Learning out Loud in Milwaukee, WI

Riding slow, climbing high

I’ve been riding my bike more slowly lately.

I used to race my bike. Leaving with just enough time to get where I was going, and hoping I hit every light green to make it on time. Not since November 9.

I’ve been riding slowly lately. Feeling the road beneath my tires. The slip of the pedals under my Vans, their soles worn almost smooth. I have to concentrate as I push the crank, pulling the chain through from the rear gearset to the front.

I’ve been riding slowly and somehow still get places on time. Slowing down, you see the city in a different way. The drivers are more human, the architecture more apparent, and the streets quieter.

My buddy Nate and I went up to Leadville this weekend. Leadville is the highest incorporate city in the USA, and the second highest municipality.

Based on the name, you might think Leadville was a lead mining town, but prospectors were there for gold originally. While looking for gold, miners found deposits of cerussite, a lead carbonate that was used in lead paint and contained high amounts of silver.

The “Unsinkable” Molly Brown — who surivied the Titanic — lived in Leadville. Oscar Wilde came through the swanky Tabor Opera House on a lecture circuit in 1882. There are giant Victorian style buildings all over town. With their art deco facades and spectacular turrets. It’s hard to imagine looking at it today, but Leadville was a boomtown.

Today, Leadville has a lot of coffee shops for a city of fewer than 3,000 people, a brewery, the old saloon, a slammin antiques store, and a handful of bars along the main drag. Walking around the city this past Saturday reminded of Escanaba, MI, a town that wears its former great lakes shipping glory on it’s sleeve, and inspired me on our way through two summers ago.
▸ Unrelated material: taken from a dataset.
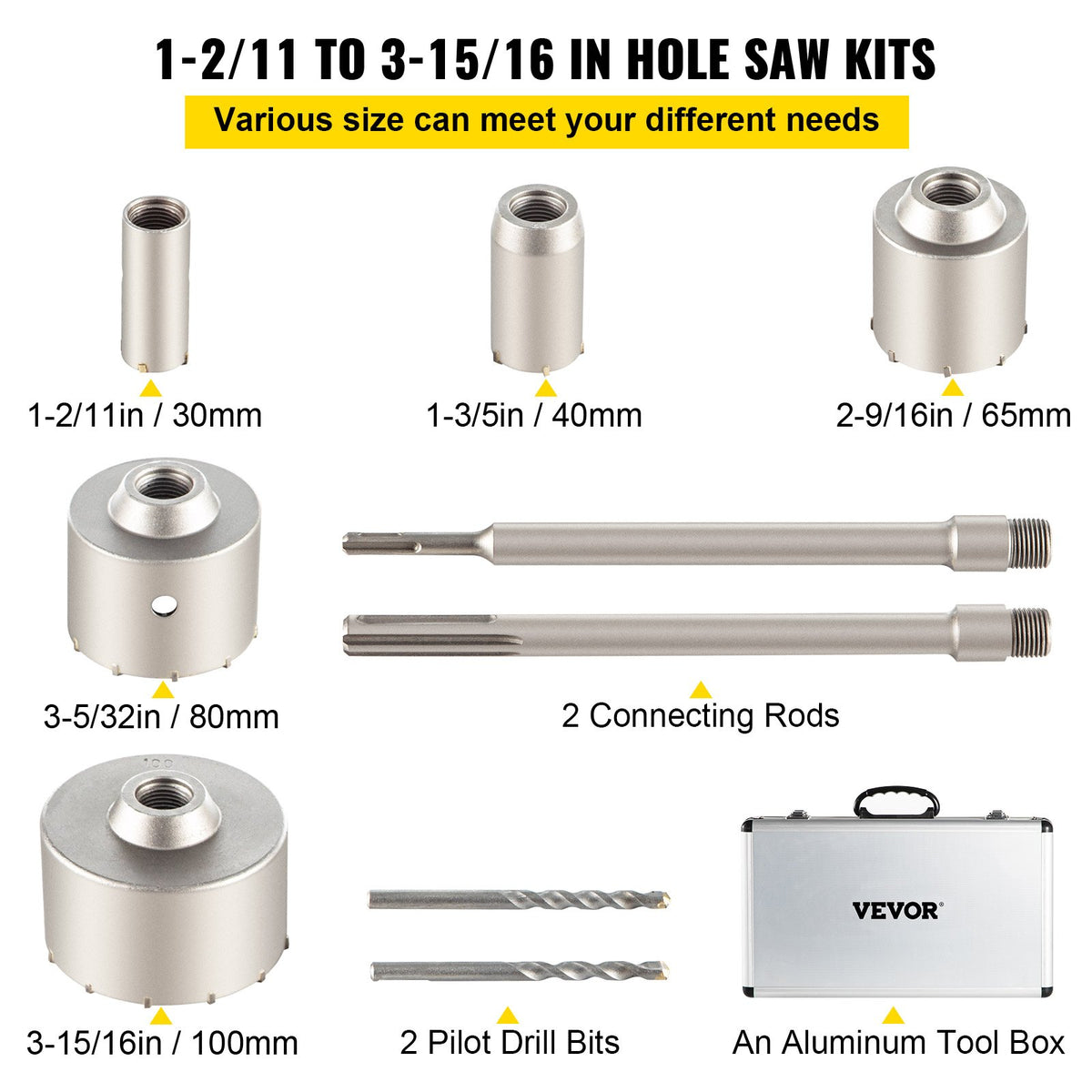 Concrete Hole Saw Kit, Wall Hole Opener 30-100mm SDS Plus or SDS Max Shank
A lot of what keeps these towns kicking these days is tourism. Mining is still the major employer in Leadville, but they employ fewer than 500 people, and the population has been declining steadily since the WWII, when the military had a ski warfare training base, Camp Hale, near Leadville.

There’s also a place called Melanzana, a clothing company that makes all their goods by hand, in Leadville.Melanzana was founded in 2003 and has had a mission to make durable outdoor gear in Leadville ever since. A brewery called Periodic Brewing Company, which, in addition to having good beer, has the most clever name of any brewery in the state: Pb, the chemical symbol for lead. The pizza place, High Mountain Pies, has some of the best pizza I’ve had since moving here. Colorado Mountain College teaches a curriculum not found at most institutions of higher learning. Courses specific to the needs of mountainous places with programs in forest firefighting, avalanche technician, natural resource management.

It’s easy to look at a place like Leadville and only see the decay, to see it as what it once was, it’s former greatness, and ignore its beauty, and dream of its potential. While it’s hard to imagine 14,000 people will want to live in the highest city in the continent, where the average summer high barely cracks the mid 70s, and annual snowfall clocks in a nearly 300", it’s not hard to imagine a second life for the town that doesn’t depend on the local ski resorts or bringing back some former glory.

This is a consistent hangup for me on the mantra of making America great again. One thing that makes America persistently great is that it’s built on dreaming of the future and creating opportunity. Talk about “clean coal” and opening up our natural areas for mining and exploitation isn’t talk about creating opportunity and lifting people up, it’s clinging to the past and shouting loud enough to drown out dissent.

Riding my bike more slowly gives me control over what to think about, and how to think about it. It allows me to wonder what the future holds for myself, my family, and the communities we inhabit. It gives me peace amidst the chaos of road traffic; peace in a tumultuous world of violence in place of understanding; peace in an turbulent era of victimizing in place of the pursuit of justice. Peace in Donald Trump’s America.